At the time, it wasn’t an unfair question to ask.

Selden is a former top 15 recruit. He is a guy who was expected to go one-and-done that played poorly in the first big game of his third year on campus. But after three days it Maui, it appears that the old Wayne Selden is gone.

[MORE: Kansas got Cheick Diallo news today]

He capped an MVP performance in the Maui Invitational with 25 points and seven boards on 8-for-11 shooting as the No. 5 Kansas Jayhawks knocked off No. 19 Vanderbilt, 70-63, in the title game. Selden was terrific for the entire weekend, averaging 21.5 points in the two games against Division I competition and shooting 12-for-17 from beyond the arc in the three game tournament.

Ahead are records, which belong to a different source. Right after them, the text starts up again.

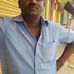 Profile Picture of Kamala Chary (@kamala.chary.37) on Facebook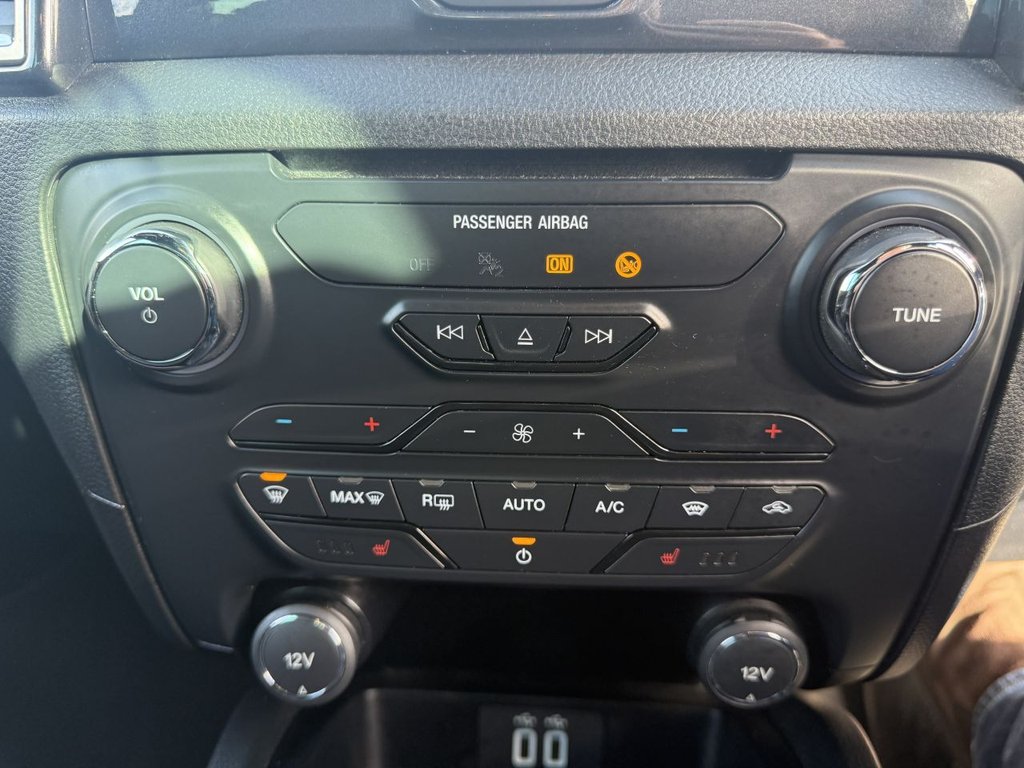 Used Ford Ranger 2021 for sale - 76010274: Photo 33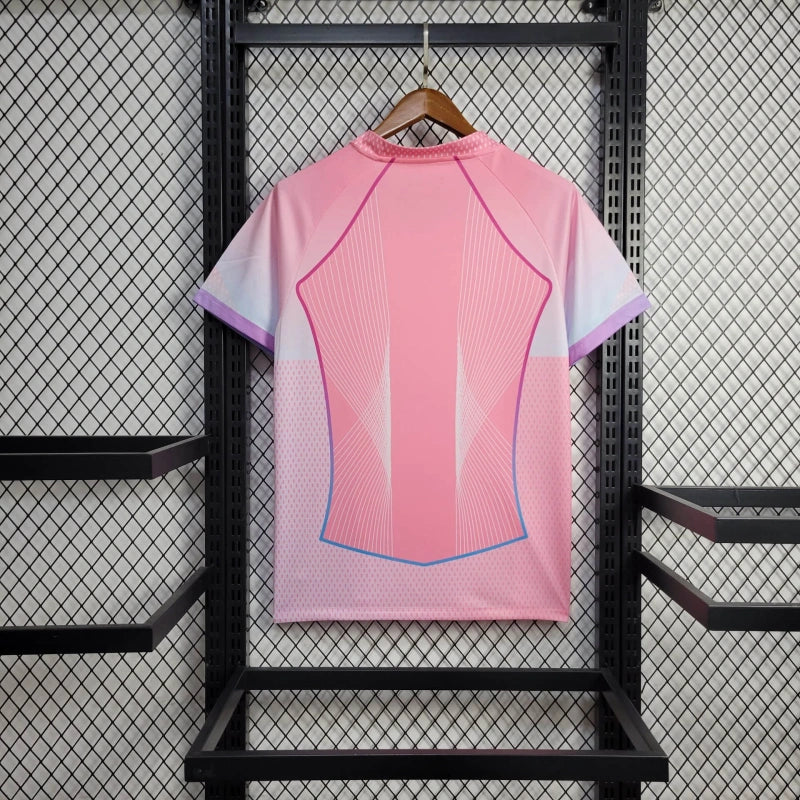 Koszulka treningowa Paris Saint-Germain 2025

It was the best that we’ve seen Selden play during his Jayhawk career, and it came in a game the Jayhawks desperately needed it. Vanderbilt is a damn good team. They’re ranked 19th, which may actually be too low, and they seem to clearly be the biggest challenger to Kentucky in the SEC. They jumped out to a double-digit lead on Kansas in the first half as the Jayhawks seemed to be sleep-walking early in the game.

Enter Selden. He drilled three threes in the first half and scored 13 of the 26 Jayhawk points to keep them close. In other words, he played like a star on a night Kansas desperately needed someone to step up and play like a star. Remember: this is a dude that had enough talent and potential in high school to be considered a McDonald’s All-American and a potential lottery pick. The ability is there:

(That move is filthy.)

The question has always been whether or not he is capable of putting it all together, of being the guy that can be relied upon to make the big play in the big moment, to carry a team with title aspirations.

And to be fair, the jury is still out in that regard. Are we just going to ignore those four free throws he clanged down the stretch?

But seeing Selden have this kind of performance in a game like this against a team that is this good is unquestionably a positive for Kansas moving forward.